Secara umum, setelah sisa tanaman tersebut terkumpul dalam suatu kondisi tertentu yang
mendukung (banyak air), pembentukan dari peat (gambut) umumnya terjadi. Dalam hal ini peat
tidak dimasukkan sebagai golongan batubara, namun terbentuknya peat merupakan tahap awal
dari terbentuknya batubara. Proses pembentukan batubara sendiri secara singkat dapat
didefinisikan sebagai suatu perubahan dari sisa-sisa tumbuhan yang ada, mulai dari pembentukan
peat (peatifikasi) kemudian lignit dan menjadi berbagai macam tingkat batubara, disebut juga
sebagai proses coalifikasi, yang kemudian berubah menjadi antrasit. Pembentukan batubara ini
sangat menentukan kualitas batubara, dimana proses yang berlangsung selain melibatkan
metamorfosis dari sisa tumbuhan, juga tergantung pada keadaan pada waktu geologi tersebut dan
kondisi lokal seperti iklim dan tekanan. Jadi pembentukan batubara berlangsung dengan
penimbunan akumulasi dari sisa tumbuhan yang mengakibatkan perubahan seperti pengayaan
unsur karbon, alterasi, pengurangan kandungan air, dalam tahap awal pengaruh dari
mikroorganisme juga memegang peranan yang sangat penting.

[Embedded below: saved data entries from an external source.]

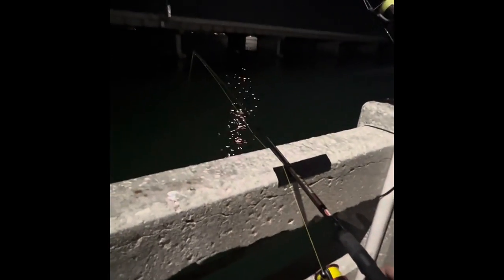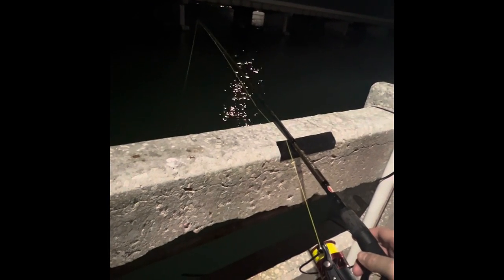Doing a little fishing on Skyway tonight using live shrimp. Getting lots of good bites and it's not pinfish. I've already caught one speckled trout and we've caught a few whiting.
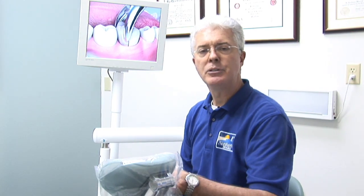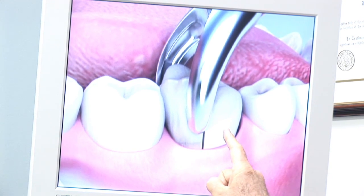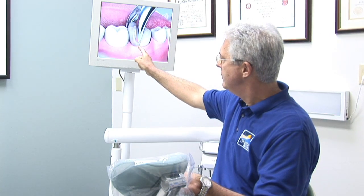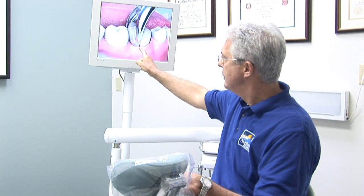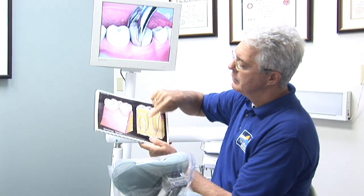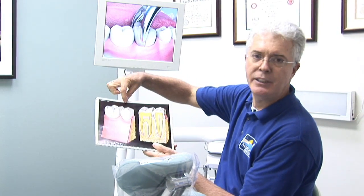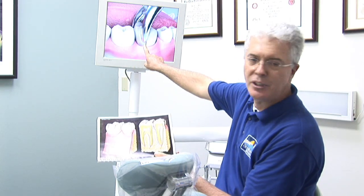Sometimes though, we have to do what's called a surgical removal. Here, we actually put a split down through the tooth and then we can take the tooth out half at a time. If there's two roots, you would split the tooth in the center and take out one half in one direction and the other half in the other direction, and that's what's being shown here.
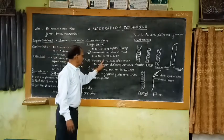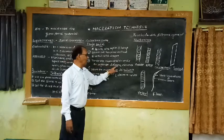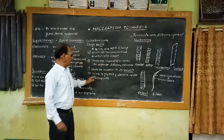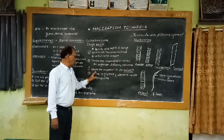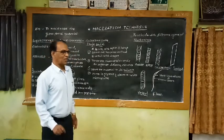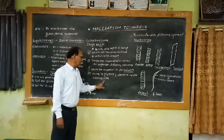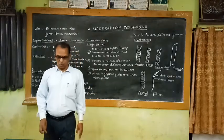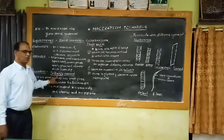Take the material onto a clean slide and tease the material with the help of needles lengthwise in order to separate the different elements. Then stain the material in aqueous safranin. After staining, mount the material in glycerin and observe under the microscope. This is a very simple technique as per Jeffrey's method.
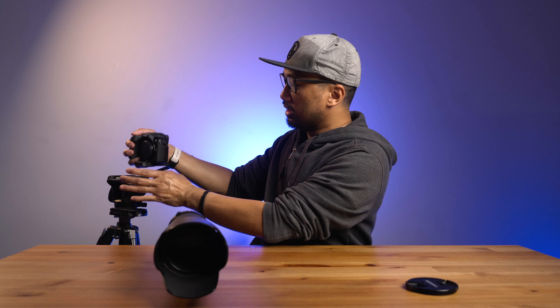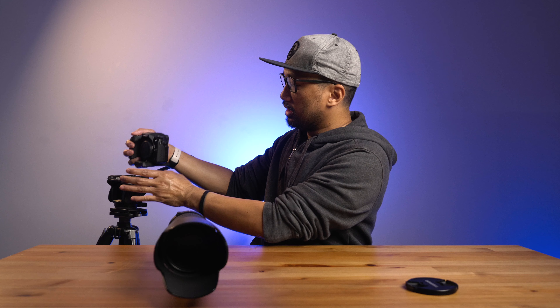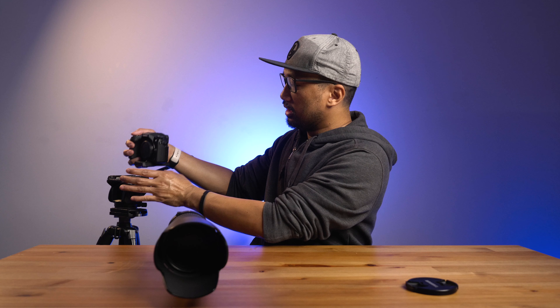It stays at f/2.8 all the time. Whenever I'm filming speeches for speakers during reception, the reason I have this in the first place is that I want to be unobtrusive when filming during ceremony or reception. Gone are the days where I had to stay in the middle of the dance floor because I had a wider lens.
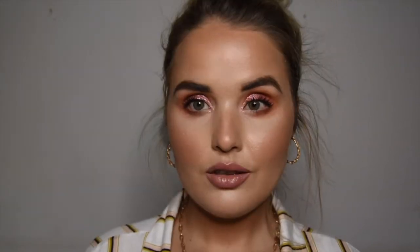Finishing the look off with some more highlight — because why not? This highlight is stunning and I just wanted this look to be super glowing.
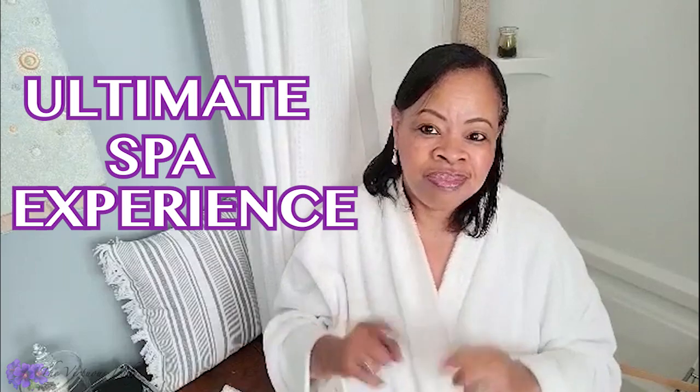Hi everyone, welcome back to my channel. On this channel my goal is to motivate, inspire, and encourage you to live your best life to the fullest. One of the ways that we do to live our best life is to take care of ourselves. Many times we are the ones that put ourselves on the back burner because we're so busy doing everything else. So in this particular video I'm going to be showing you how to have the ultimate spa experience right at home.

1. Teori In-situ : Batubara terbentuk dari tumbuhan atau pohon yang berasal dari hutan
dimana batubara tersebut terbentuk. Batubara yang terbentuk sesuai dengan teori in-situ
lazimnya terjadi di hutan basah dan berawa, sehingga pohon-pohon di hutan tersebut pada saat
mati dan roboh, langsung tenggelam ke dalam rawa tersebut, dan sisa tumbuhan tersebut tidak
mengalami pembusukan secara sempurna, dan akhirnya menjadi fosil tumbuhan yang
membentuk sedimen organik.
2. Teori Drift : Batubara terbentuk dari tumbuhan atau pohon yang berasal dari hutan yang
bukan di tempat dimana batubara tersebut terbentuk. Batubara yang terbentuk sesuai dengan
teori drift biasanya terjadi di delta-delta, mempunyai ciri-ciri lapisan batubara tipis, tidak
menerus (splitting), banyak lapisannya (multiple seam), banyak pengotor (kandungan abu
cenderung tinggi). Proses pembentukan batubara terdiri dari dua tahap yaitu tahap biokimia
(penggambutan) dan tahap geokimia (pembatubaraan)
Tahap penggambutan (peatification) adalah tahap dimana sisa-sisa tumbuhan yang terakumulasi
tersimpan dalam kondisi bebas oksigen (anaerobik) di daerah rawa dengan sistem pengeringan
yang buruk dan selalu tergenang air pada kedalaman 0,5 -[10 meter. Material tumbuhan yang
busuk ini melepaskan unsur H, N, O, dan C dalam bentuk senyawa CO2, H2O, dan NH3 untuk
menjadi humus. Selanjutnya oleh bakteri anaerobik dan fungi diubah menjadi gambut (Stach,
1982, op cit Susilawati 1992).
Tahap pembatubaraan (coalification) merupakan gabungan proses biologi, kimia, dan fisika yang
terjadi karena pengaruh pembebanan dari sedimen yang menutupinya, temperatur, tekanan, dan
waktu terhadap komponen organik dari gambut (Stach, 1982, op cit Susilawati 1992). Pada tahap
ini prosentase karbon akan meningkat, sedangkan prosentase hidrogen dan oksigen akan
berkurang (Fischer, 1927, op cit Susilawati 1992). Proses ini akan menghasilkan batubara dalam
berbagai tingkat kematangan material organiknya mulai dari lignit, sub bituminus, bituminus,
semi antrasit, antrasit, hingga meta antrasit.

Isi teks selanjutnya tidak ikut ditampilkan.